La semiotica del blog è ancora poco sviluppata.
Alcuni blogger duri e puri dicono che la televisione sia “roba vecchia” salvo poi copiarne, pari pari, le principali strutture comunicative. Tra queste voglio ricordare - una per tutte - l’autoreferenzialità: io ti linko perché tu mi linki perché lei ci linka….. voi mi leggete perché lui mi legge perché io lo leggo perché lei m’ha letto.
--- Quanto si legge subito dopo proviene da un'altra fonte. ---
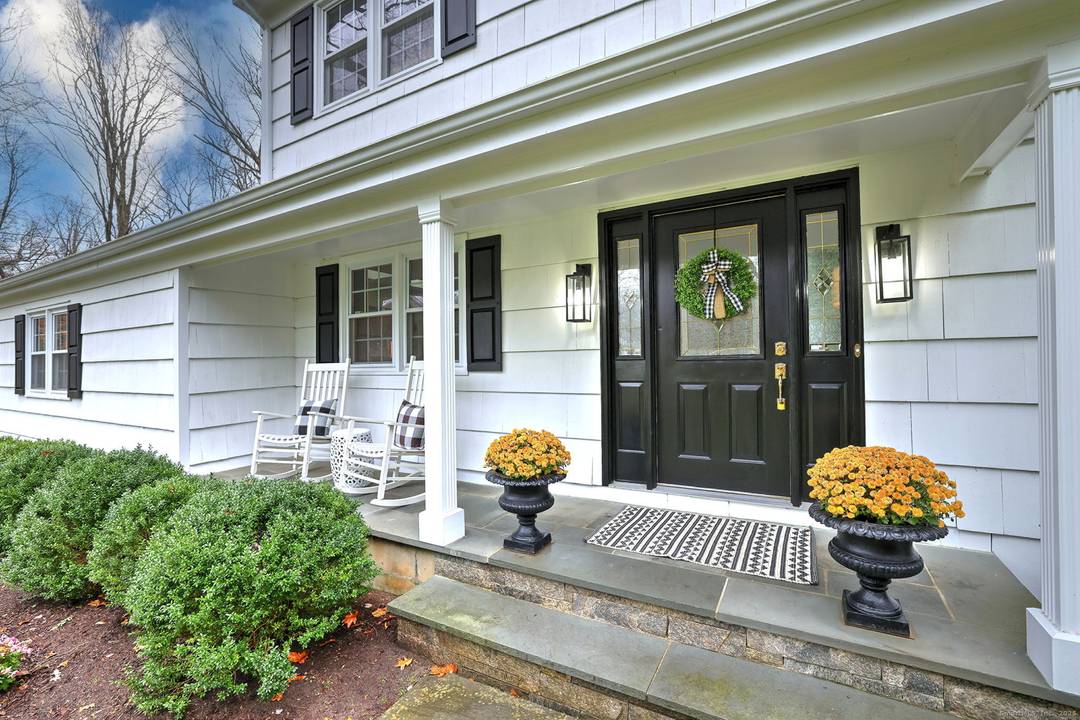 Tucked away at the end of a leafy cul de sac, this GORGEOUS home is the one you have been waiting for.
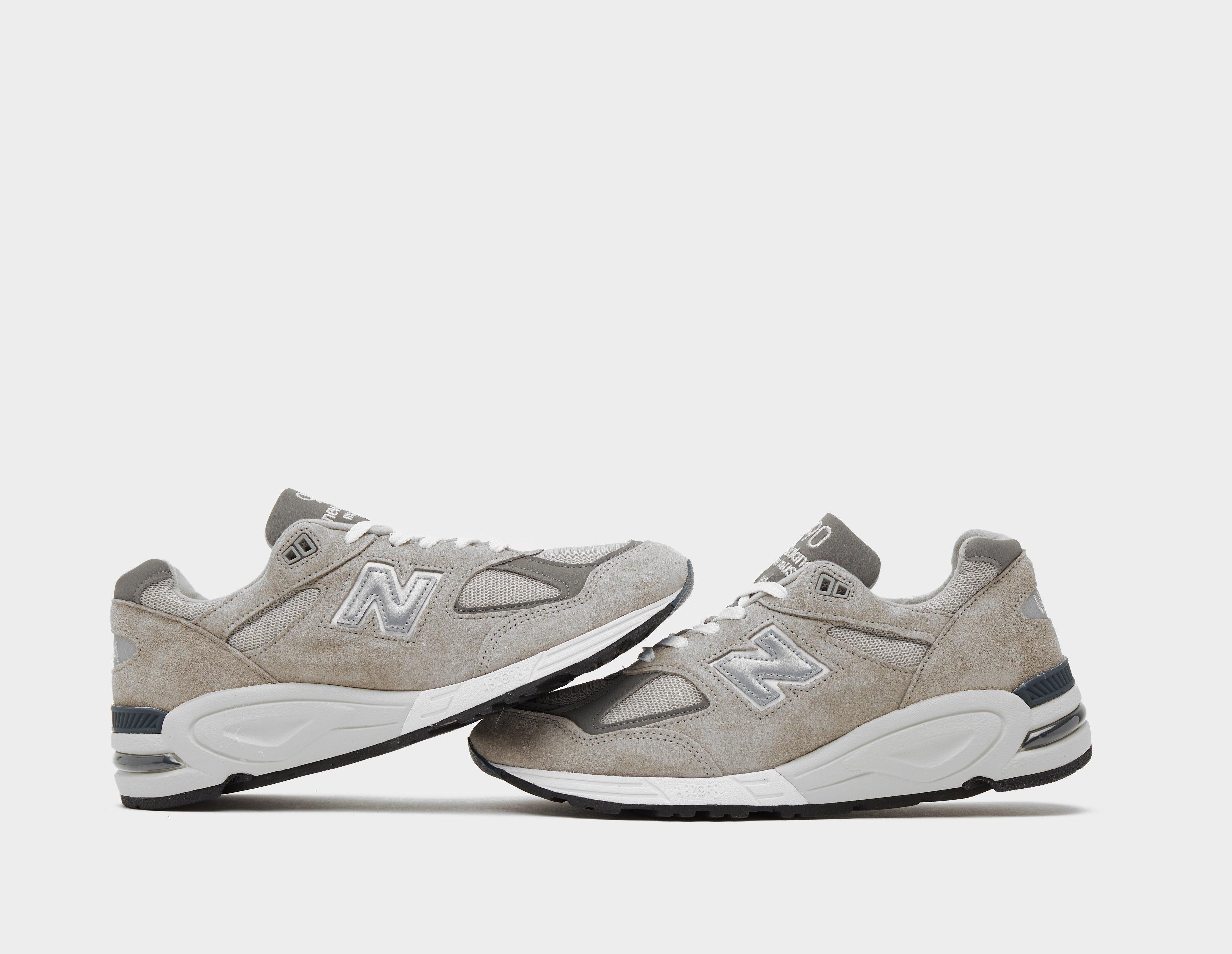 New balance best sale 990 v2 sizing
Internet mi appare come il più innovativo e straordinario mezzo di comunicazione. E’ un grande contenitore che contiene però roba vecchia (almeno al 98%) : pezzi di enciclopedia, pezzi libri, pezzi di diario, di pezzi di articoli, pezzi di film, pezzi di notizie presi da giornali e tv. L’esempio di You Tube è evidente: potrebbe (dovrebbe?) essere il luogo della sperimentazione più libera ed avanzata sul linguaggio audiovisivo e invece basta guardare l’elenco de “i più visti” per rendersi conto che tra i primi venti video ben 19 (diciannove!!) sono tratti da trasmissioni televisive. E allora dov’è la decantata innovazione? dov’è l’avanguardia? dov’è la ricerca? Come in qualunque altro media si trova nella nicchia, nell’infinitamente piccolo, ed è evidente che la massa degli utenti di internet è (esattamente come il resto della società) ancora fortemente legata e condizionata dai canoni televisivi (…da non confondersi con il canone televisivo!!), è ancora fortemente legata l’eterno ritorno dell’uguale e del già conosciuto.
Una domanda: esiste o si può immaginare un linguaggio specifico dei blog, un linguaggio puro e diverso da quello della scrittura su carta o da quello dell’ audiovisivo? Il linguaggio del blog potrà essere un linguaggio nuovo oppure lo dobbiamo immaginare soltanto come la semplice commistione (collage, assemblage) di lettere, immagini e suoni?